A partir de ce sujet brûlant d'actualité pour l'Italie en particulier et pour les autres pays de la communauté européenne en général, le film va dérouler tous les poncifs habituels : les méchants policiers, les touristes indifférents, le plagiste qui ne veut surtout rien voir, l'égoïsme de certains, la révolte d'autres. Du vu, du revu mais seulement ici la sauce prend bien grâce à un scénario qui ne se pose jamais en donneur de leçon. Emanuele Crialese ne juge jamais et préfère titiller la conscience (bonne ou mauvaise) du spectateur. Il joue sur les oppositions qu'un tel sujet ne peut éviter : les radeaux surpeuplés des clandestins face aux bateaux bourrés de touristes dansant et plongeant dans la mer, les bons vieux pêcheurs arguant la règle millénaire du secours en mer contre les règles de non assistance et de dénonciation de la police.
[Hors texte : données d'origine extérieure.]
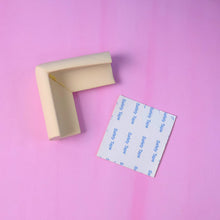 4 Pc Soft Foam Table Corner Protectors Set with Safety Tape - justgrabit.in | Just Grab It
Là où il emporte le morceau c'est dans toutes les scènes qui opposent la femme africaine et la mère italienne. On voit se tisser petit à petit un lien entre elles. Le sentiment d'humanité et de révolte va les souder peu à peu. C'est filmé sans prétention, tout en retenue et les deux comédiennes sont absolument formidables.
Mais s'il y a une scène à retenir, c'est celle de la promenade romantique de deux jeunes gens, la nuit sur une petite embarcation qui se trouve soudain assaillie par une nuée de clandestins. Moment intense d'une violence physique et psychologique inouïe, glaçante, dérangeante, elle symbolise parfaitement notre monde actuel, partagé entre pays riches et pays pauvres et les convoitises que cela suscite.
"Terraferma" réussit à nous émouvoir là où, à mon avis, "Le Havre" échouait par trop d'effets décalés. Sa mise en scène sobre et sans chichi lui donne la force requise pour chatouiller la conscience de tout bon occidental obnubilé par son nombril.